Activity
Only the lines from the one containing "Used 2017 Cadillac" to the end of the records belong in the copy. Reproduce them word for word and drop the pictures.
===== Given records =====
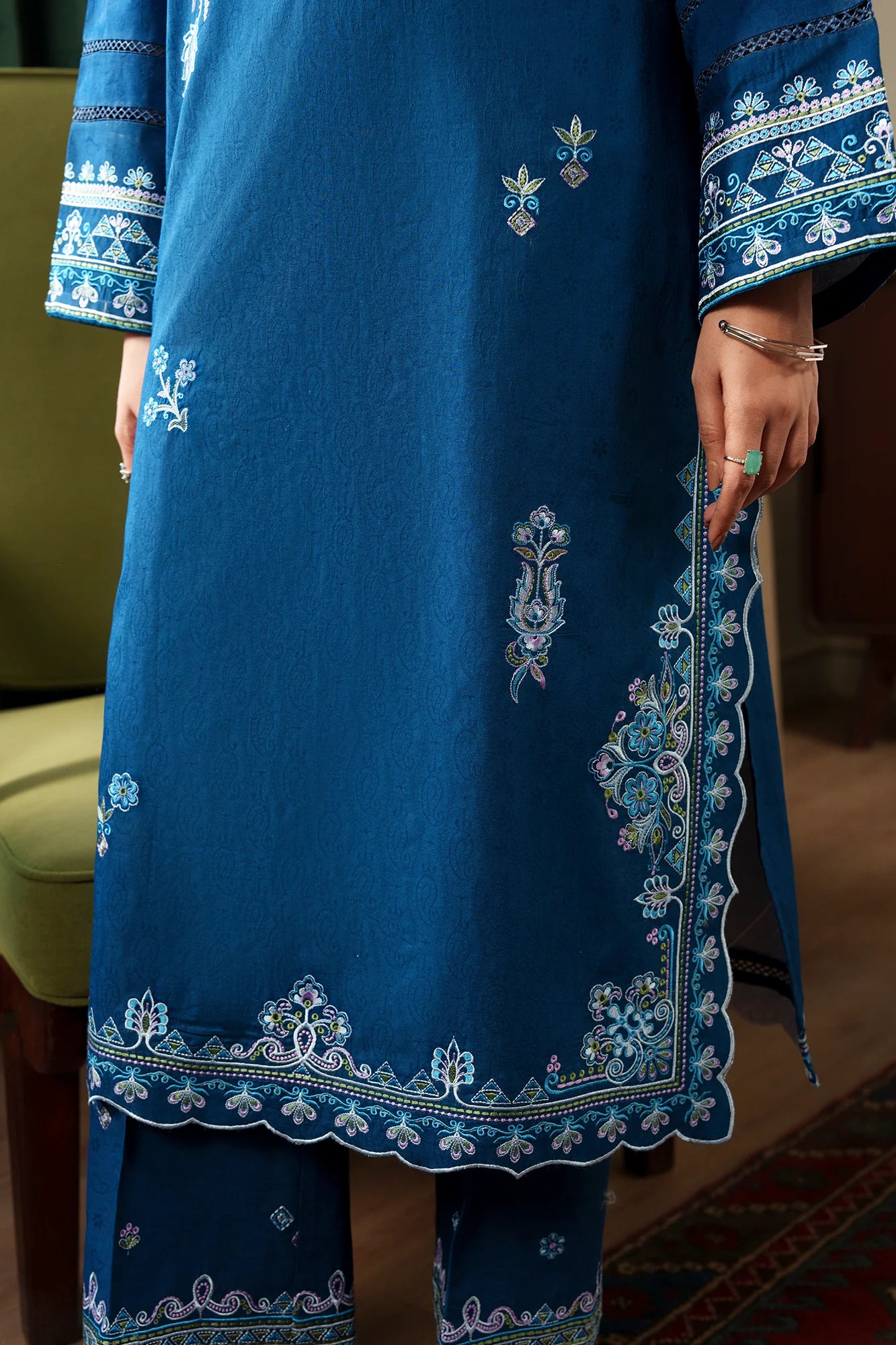 RAJBARI PRET EXCLUSIVE ZAREEN
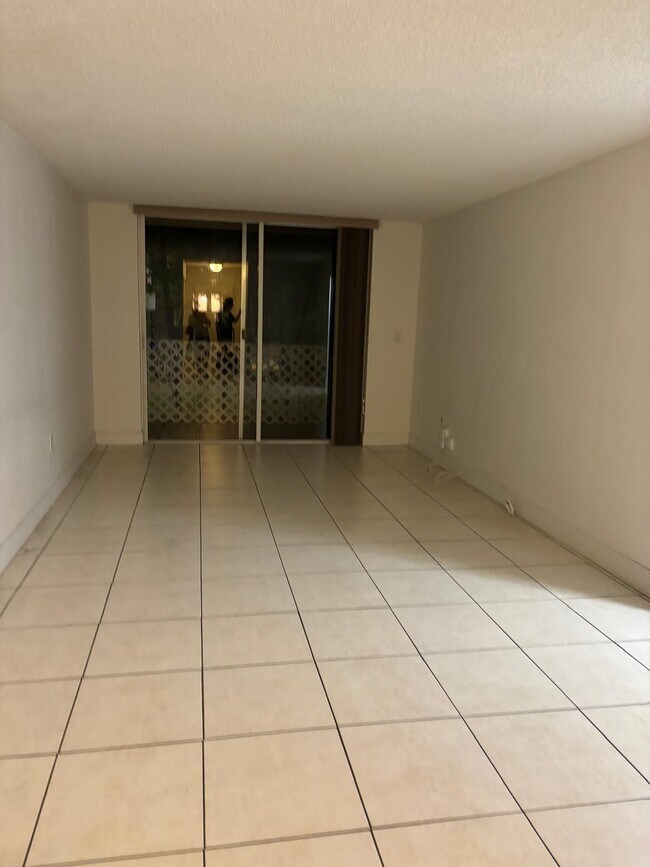 Living / Dining Area - 1805 Sans Souci Blvd Condo Unit 215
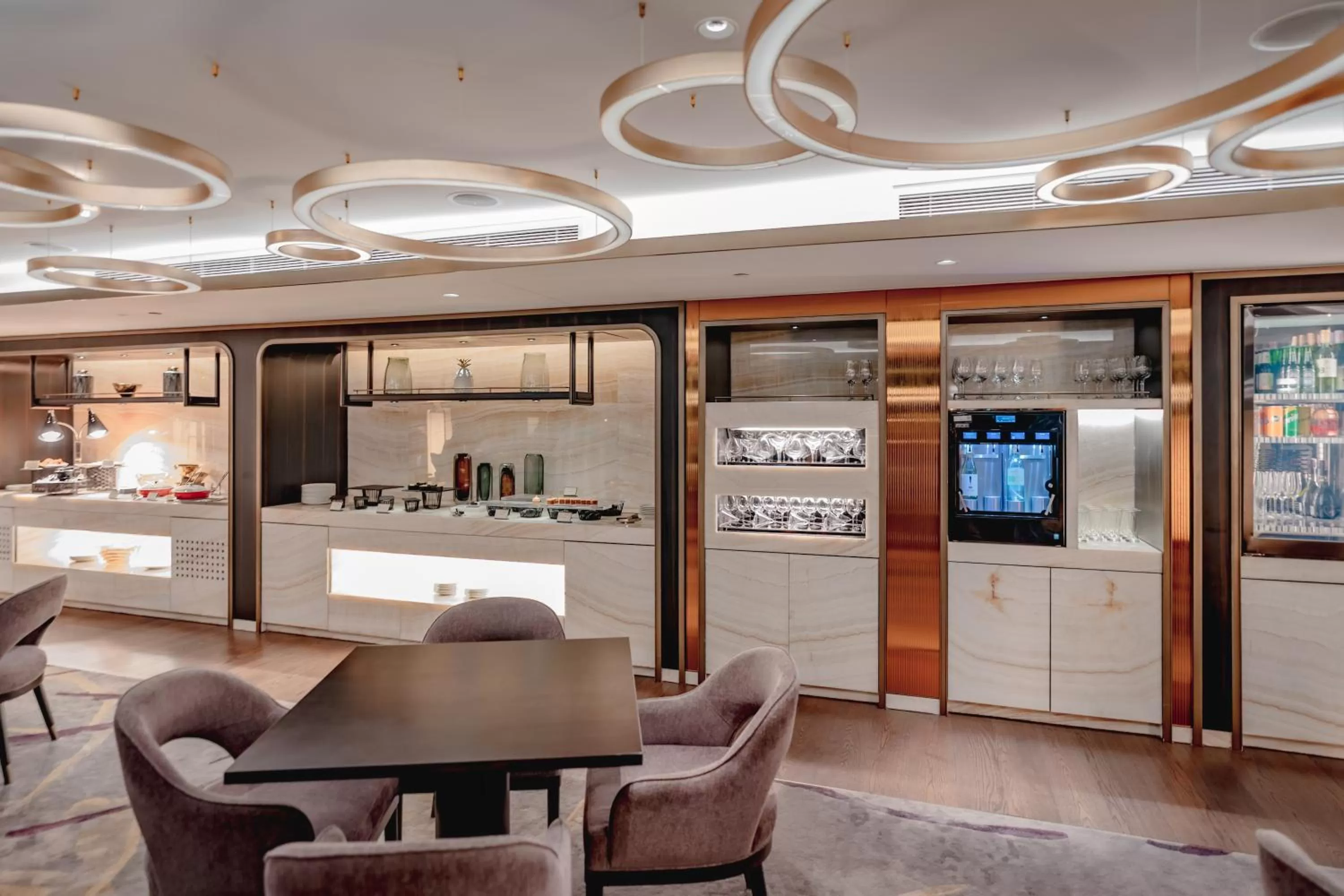 Lounge or bar in Carlton Hotel Bangkok Sukhumvit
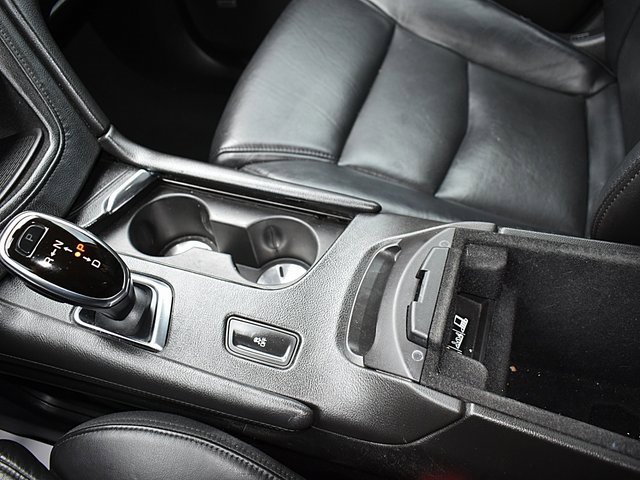 Used 2017 Cadillac XT5 Luxury w/ Driver Awareness Package image 35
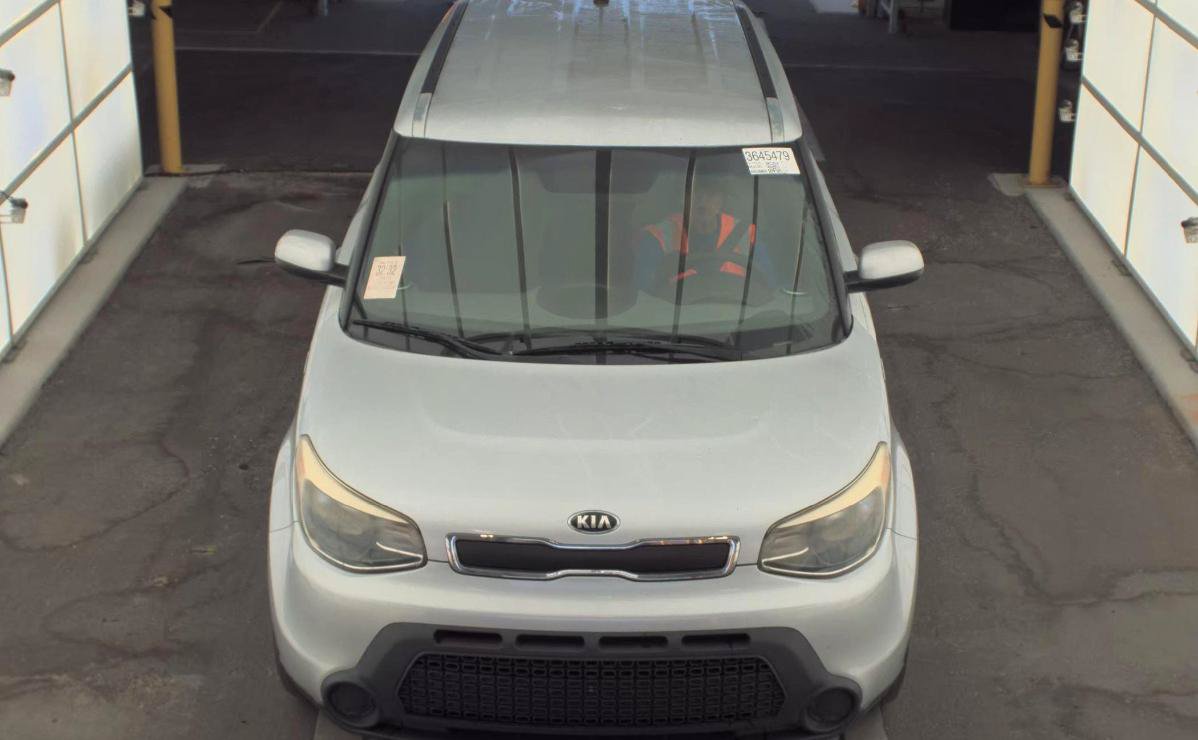 Used 2015 Kia Soul FWD image 2
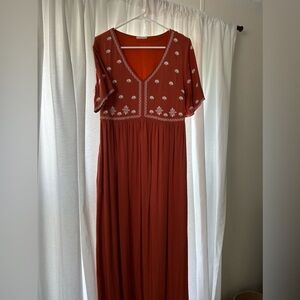 Roolee Dress: detailed stitching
=====
Result for this exercise
 Used 2017 Cadillac XT5 Luxury w/ Driver Awareness Package image 35
 Used 2015 Kia Soul FWD image 2
 Roolee Dress: detailed stitching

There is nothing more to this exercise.